(WHAT TO PRODUCE): The expected output is an exact copy of the lines from the one containing "Allow the turbidity" to the final line below, minus any pictures.

[Collected data]
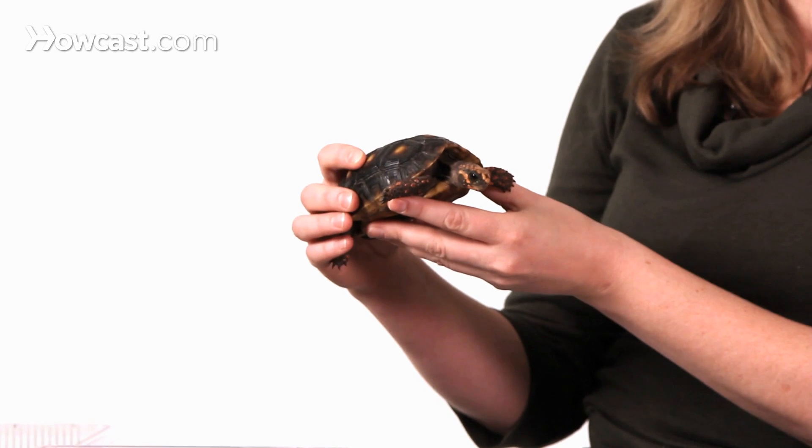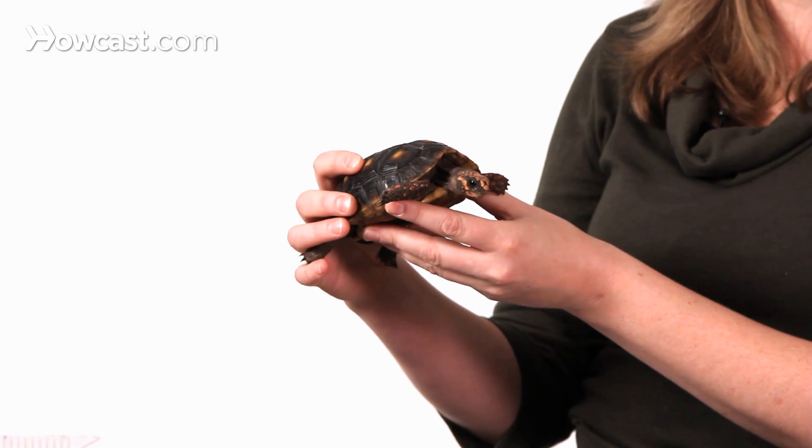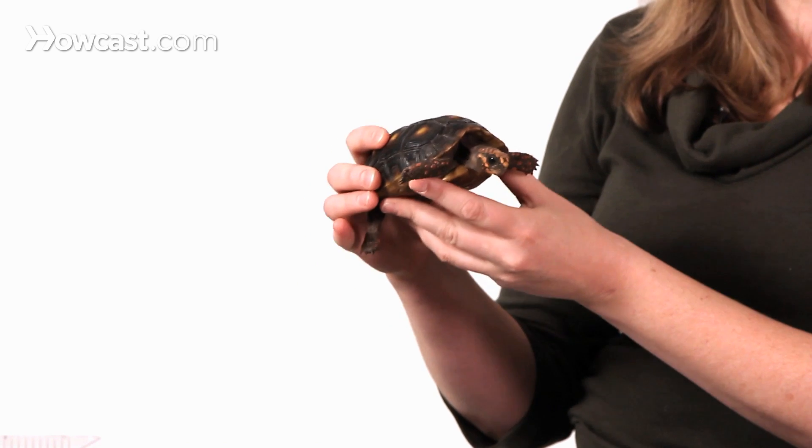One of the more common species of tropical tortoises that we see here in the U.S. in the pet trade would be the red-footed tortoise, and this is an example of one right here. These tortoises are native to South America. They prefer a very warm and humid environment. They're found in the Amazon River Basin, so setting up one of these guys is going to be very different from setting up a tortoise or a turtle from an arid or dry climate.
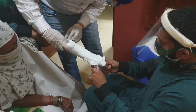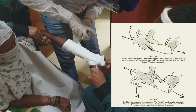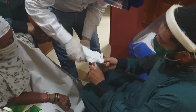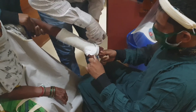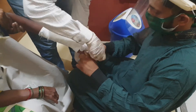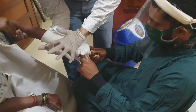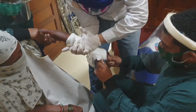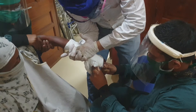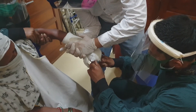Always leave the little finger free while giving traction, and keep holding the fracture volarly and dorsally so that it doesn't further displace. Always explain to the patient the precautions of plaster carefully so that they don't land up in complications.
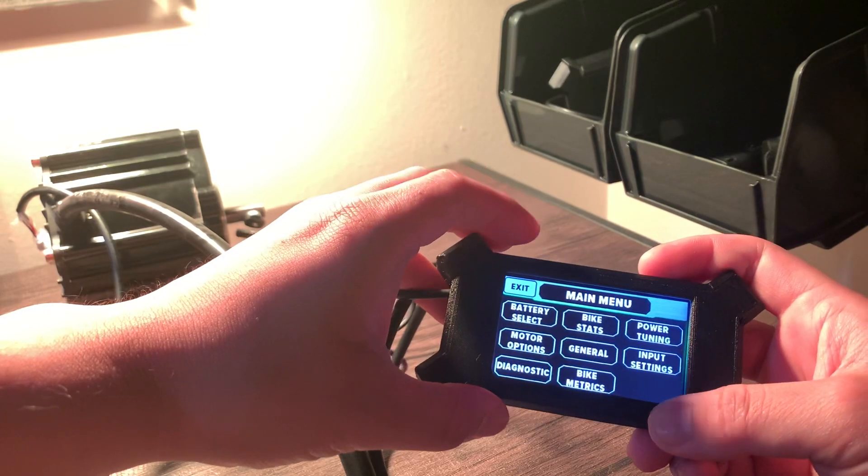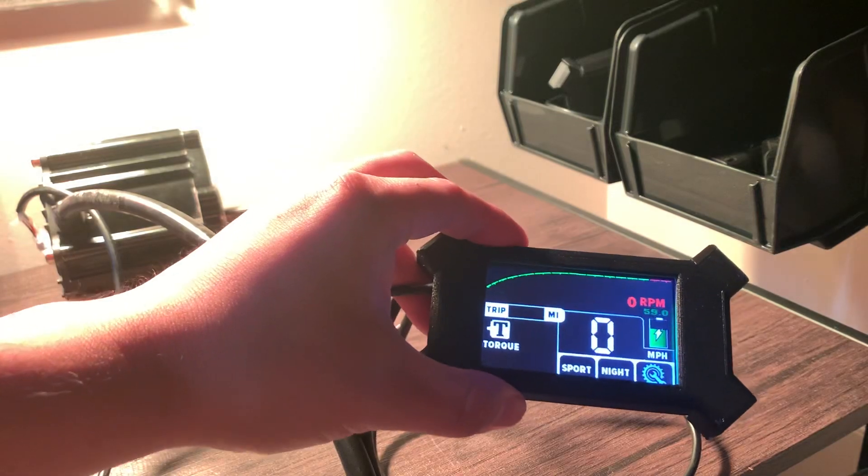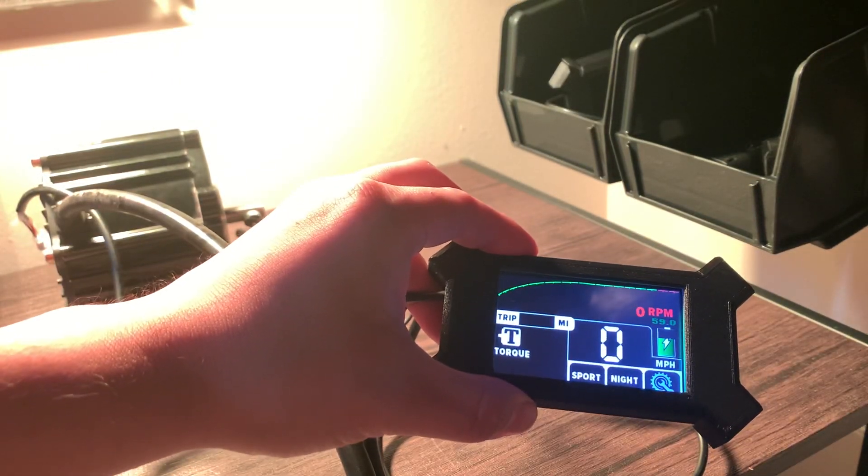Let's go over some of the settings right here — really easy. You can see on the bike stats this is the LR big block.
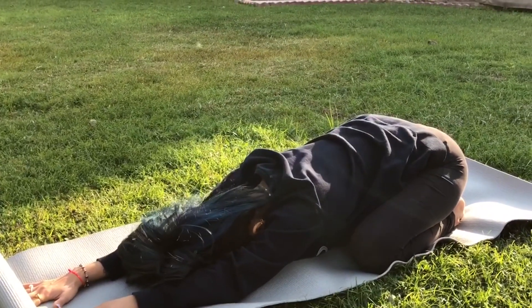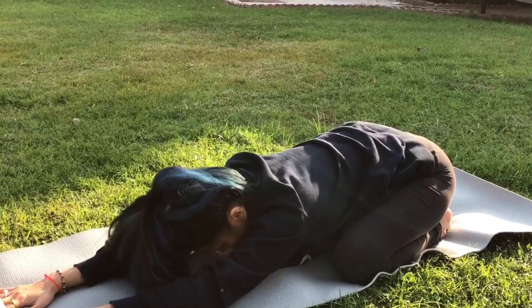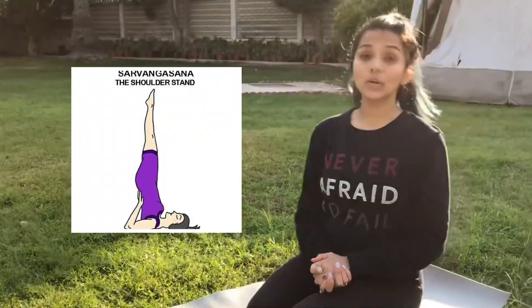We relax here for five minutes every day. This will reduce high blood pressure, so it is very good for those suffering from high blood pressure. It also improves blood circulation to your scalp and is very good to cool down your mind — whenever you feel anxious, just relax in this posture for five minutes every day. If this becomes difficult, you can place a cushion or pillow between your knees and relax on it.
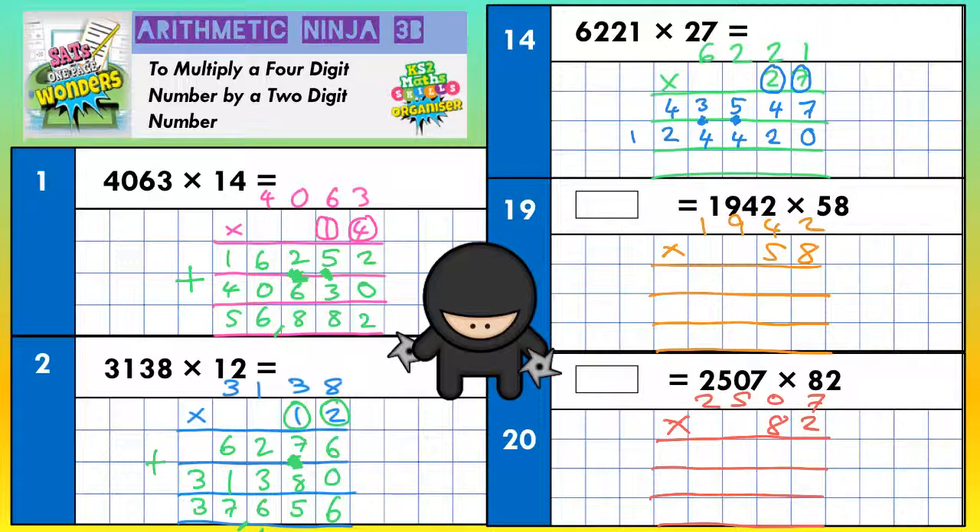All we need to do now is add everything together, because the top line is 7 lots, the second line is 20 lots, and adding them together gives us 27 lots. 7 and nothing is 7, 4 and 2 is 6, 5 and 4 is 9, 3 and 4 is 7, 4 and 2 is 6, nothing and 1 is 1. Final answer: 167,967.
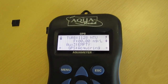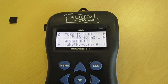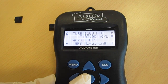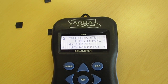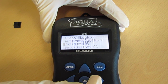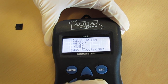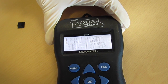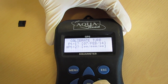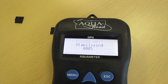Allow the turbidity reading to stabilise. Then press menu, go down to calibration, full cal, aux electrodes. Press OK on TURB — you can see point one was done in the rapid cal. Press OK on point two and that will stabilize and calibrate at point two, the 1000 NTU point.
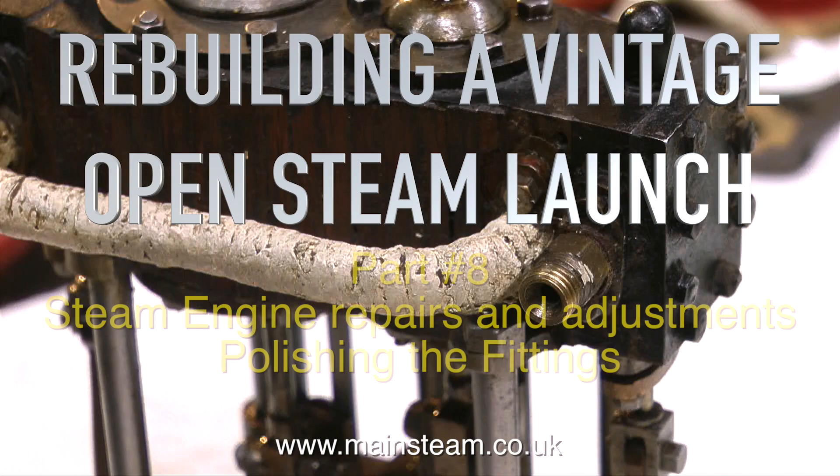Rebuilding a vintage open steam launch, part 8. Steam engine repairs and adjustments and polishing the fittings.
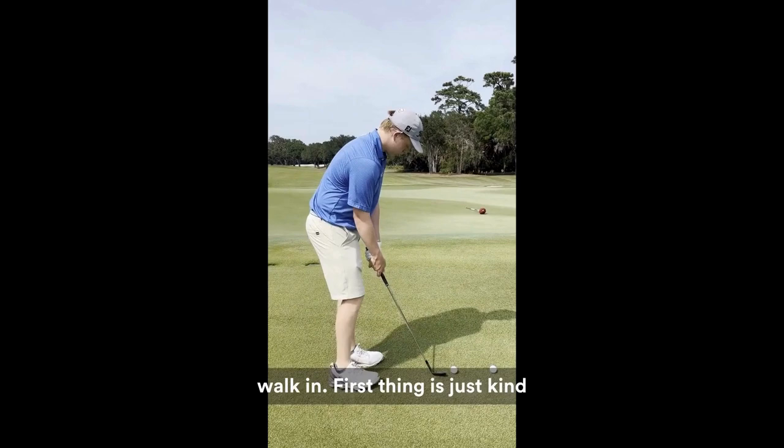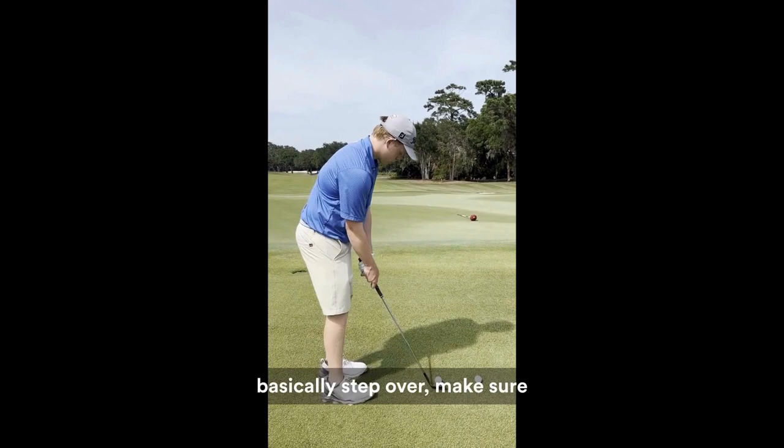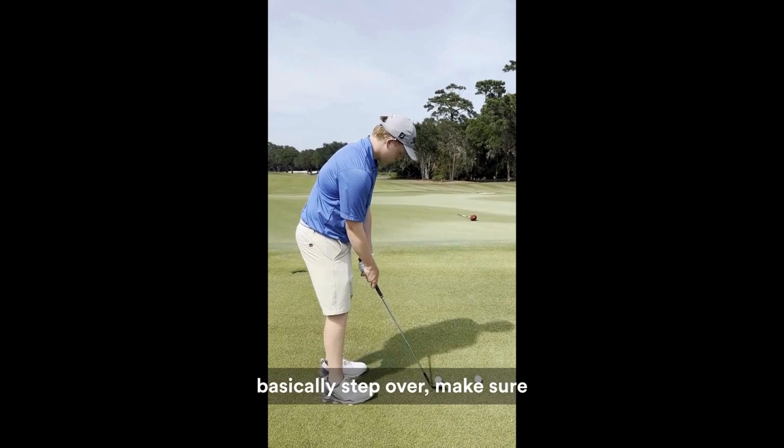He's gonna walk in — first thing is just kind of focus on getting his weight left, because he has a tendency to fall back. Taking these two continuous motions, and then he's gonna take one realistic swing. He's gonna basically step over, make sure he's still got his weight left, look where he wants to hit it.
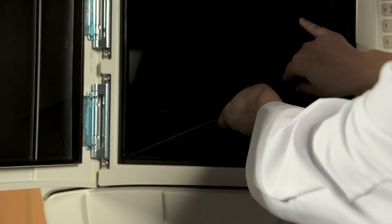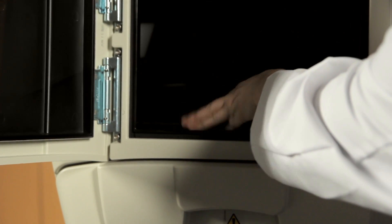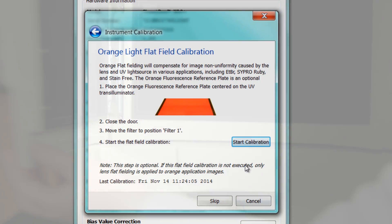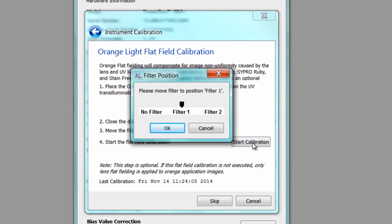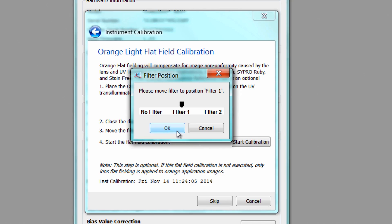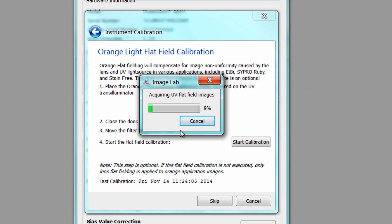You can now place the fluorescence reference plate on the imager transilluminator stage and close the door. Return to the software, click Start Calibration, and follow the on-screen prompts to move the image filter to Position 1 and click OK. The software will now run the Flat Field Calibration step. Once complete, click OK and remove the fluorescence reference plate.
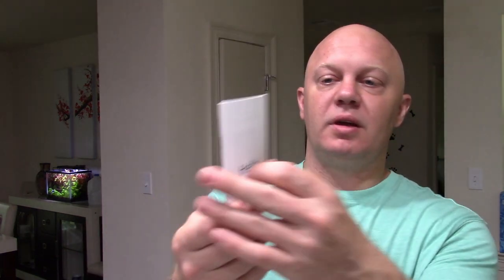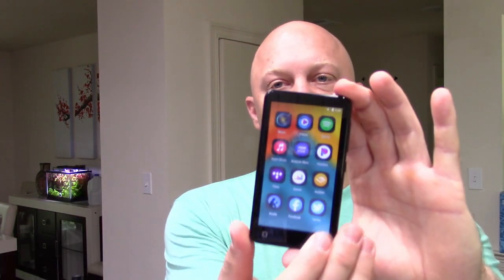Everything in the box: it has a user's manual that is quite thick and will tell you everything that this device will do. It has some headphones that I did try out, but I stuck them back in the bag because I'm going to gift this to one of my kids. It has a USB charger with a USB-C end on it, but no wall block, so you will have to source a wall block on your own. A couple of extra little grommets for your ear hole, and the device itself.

(EXERCISE RESULT):
Allow the turbidity reading to stabilise. Then press menu, go down to calibration, full cal, aux electrodes. Press OK on TURB — you can see point one was done in the rapid cal. Press OK on point two and that will stabilize and calibrate at point two, the 1000 NTU point.
Rebuilding a vintage open steam launch, part 8. Steam engine repairs and adjustments and polishing the fittings.
He's gonna walk in — first thing is just kind of focus on getting his weight left, because he has a tendency to fall back. Taking these two continuous motions, and then he's gonna take one realistic swing. He's gonna basically step over, make sure he's still got his weight left, look where he wants to hit it.
You can now place the fluorescence reference plate on the imager transilluminator stage and close the door. Return to the software, click Start Calibration, and follow the on-screen prompts to move the image filter to Position 1 and click OK. The software will now run the Flat Field Calibration step. Once complete, click OK and remove the fluorescence reference plate.
Everything in the box: it has a user's manual that is quite thick and will tell you everything that this device will do. It has some headphones that I did try out, but I stuck them back in the bag because I'm going to gift this to one of my kids. It has a USB charger with a USB-C end on it, but no wall block, so you will have to source a wall block on your own. A couple of extra little grommets for your ear hole, and the device itself.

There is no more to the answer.